Agent silos are the nextenterprise AI failure mode.
Databricks' latest announcements point at a bigger architecture shift: enterprise AI is moving from isolated assistants to governed, platform-managed agents that sit close to business context and trusted data.


The biggest mistake in enterprise AI is becoming familiar: agent silos. Every function buys or builds its own assistant. Every operational system gets a chatbot. Every team creates a small island of automation with its own memory, permissions, context and failure modes.
That looks productive in the pilot phase. It becomes fragile in production. The same problem enterprises had with data silos in the early 2010s is now reappearing at the agent layer.
The signal from Databricks
At Data + AI Summit, Databricks announced Genie One, an agentic coworker designed to act across enterprise data, including structured and unstructured information. The broader Genie direction also points at the pieces most enterprises are missing: business semantics, operational reliability and managed agent execution.
Genie Ontology matters because agents need more than table names. They need business meaning. A churned customer is not just a status field. A purchase is not the same thing as entering a store. Agentic systems need that context explicitly modeled if they are going to reason safely about the business.

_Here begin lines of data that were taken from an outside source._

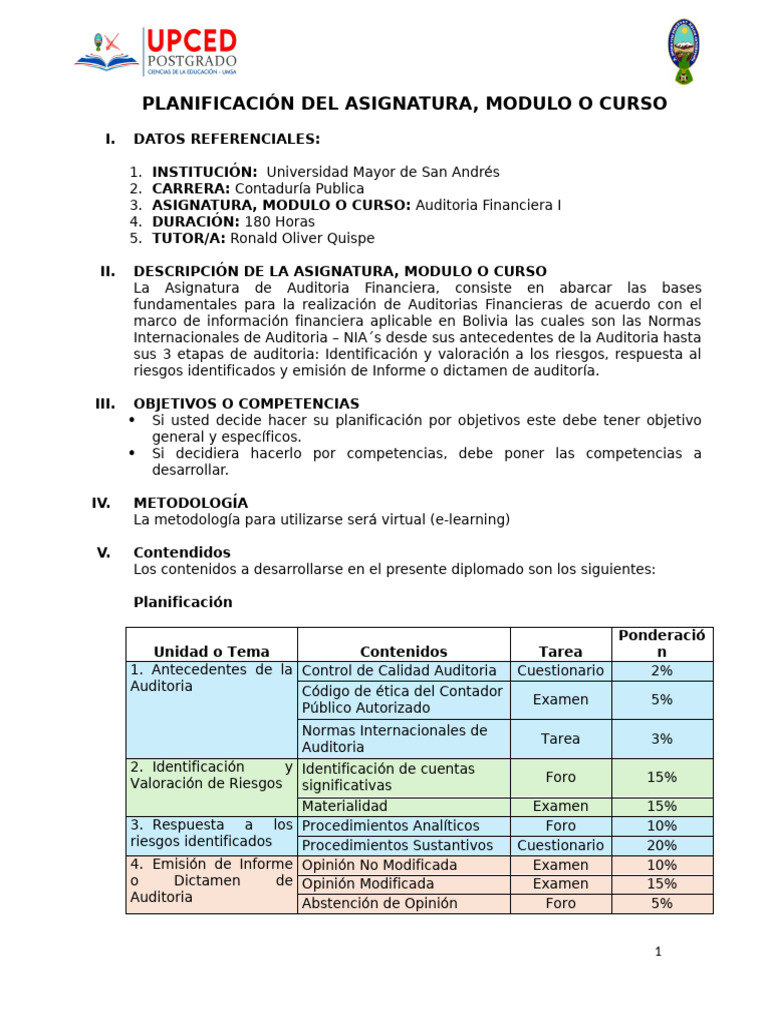 Guia - Auditoria Financiera | PDF | Auditoría | Contador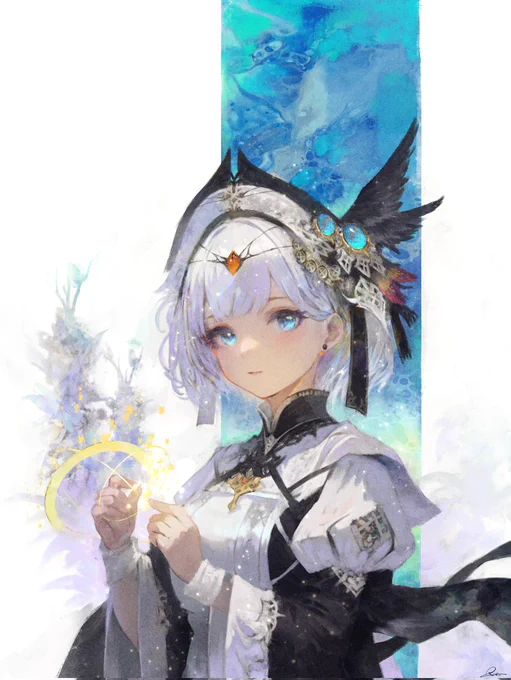 最近上げた左の絵は、実は5年前の2018年に描いた右の絵を同じような雰囲気で描きたいと思い描いたものでした!  2018年のときは線画をしっかり描いてましたが、そこからどんどんと厚塗りに移行していき、顔の描き方や色も色んな色を使う感じに変わっています。  5年で進化したなぁ〜しみじみと…
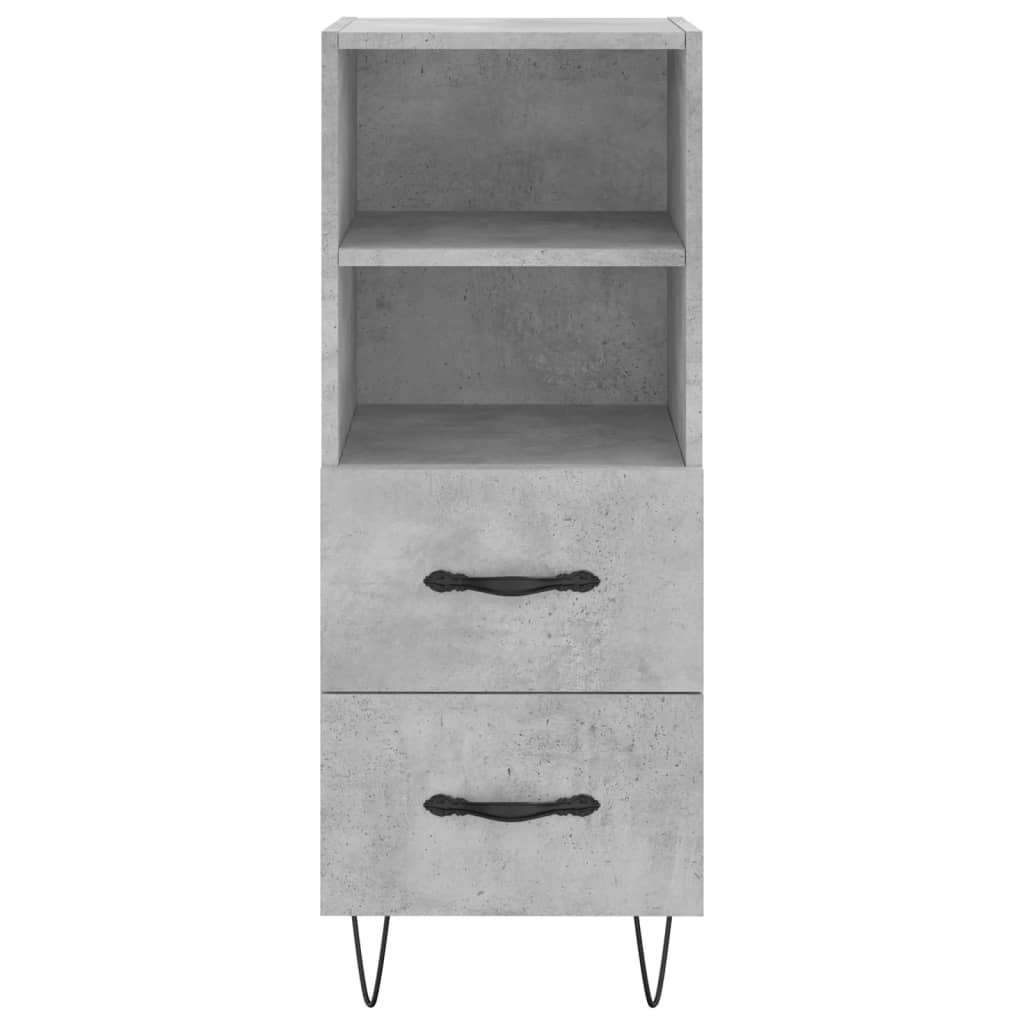 vidaXL Highboard Concrete Grey 34.5x34x180 cm Engineered Wood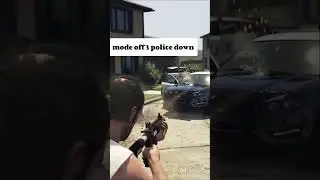 Trevor philips Vs police 🚓 2 down  one shot 💥 GTA V short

Genie ZeroOps matters for a different reason. Enterprise AI cannot depend on brittle manual tuning every time usage patterns change. The platform layer has to provision, tune and recover closer to how a managed organism behaves, especially when agents begin to operate continuously.

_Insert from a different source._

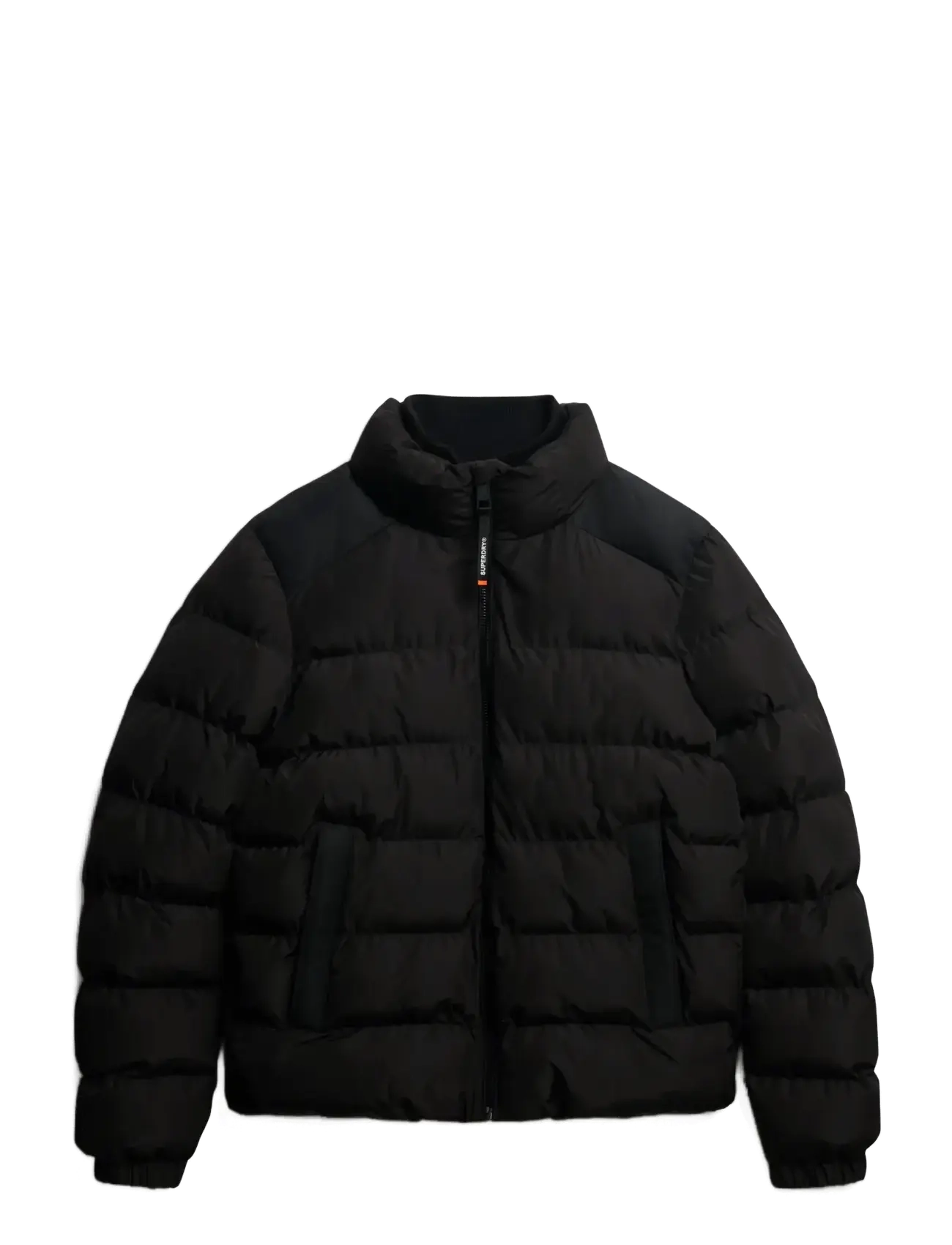 SUPERDRY Sport Puffer Jacke Schwarz - S - Herren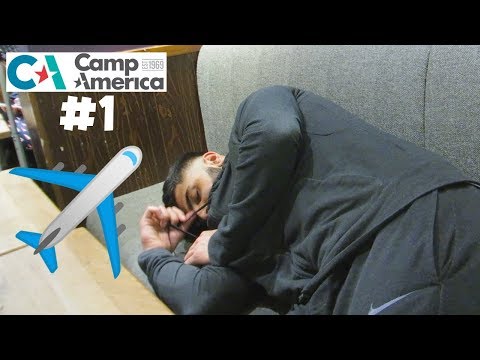 My First Time Travelling Alone | LDN to JFK | Hotel | Camp America Vlog #1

Real-time changes the serving layer
The other important announcement is Lakehouse RT, powered by the new Reyden engine. The message is simple: the serving layer is moving closer to governed Lakehouse data.
In practical terms, that starts to close a long-standing gap. Enterprises have had governed data stores, operational systems and AI interfaces, but the connective layer between them was often slow, duplicated or fragmented. A real-time serving layer changes what agents can safely do with fresh, governed context.
The wrong bet: isolated chatbots
Enterprise AI will not be won by isolated chatbots bolted onto operational systems. That architecture creates duplicated context, inconsistent security, scattered observability and no single place to govern behavior.
The edge goes to companies that centralize agent management on platforms close to their governed data foundation. Databricks is clearly positioning itself as one of those platforms: not only where enterprise data is stored and transformed, but where enterprise AI actually runs.
The hard part has not changed
The platform shift is real, but it does not remove the hard work underneath. Agents still need trusted definitions, clean lineage, access controls, data quality, semantic models and operating ownership. Without that foundation, centralizing agents simply centralizes confusion.
The right bet is not more demos. It is a governed data foundation strong enough for AI to act on, with agent management treated as an enterprise platform concern rather than a series of disconnected experiments.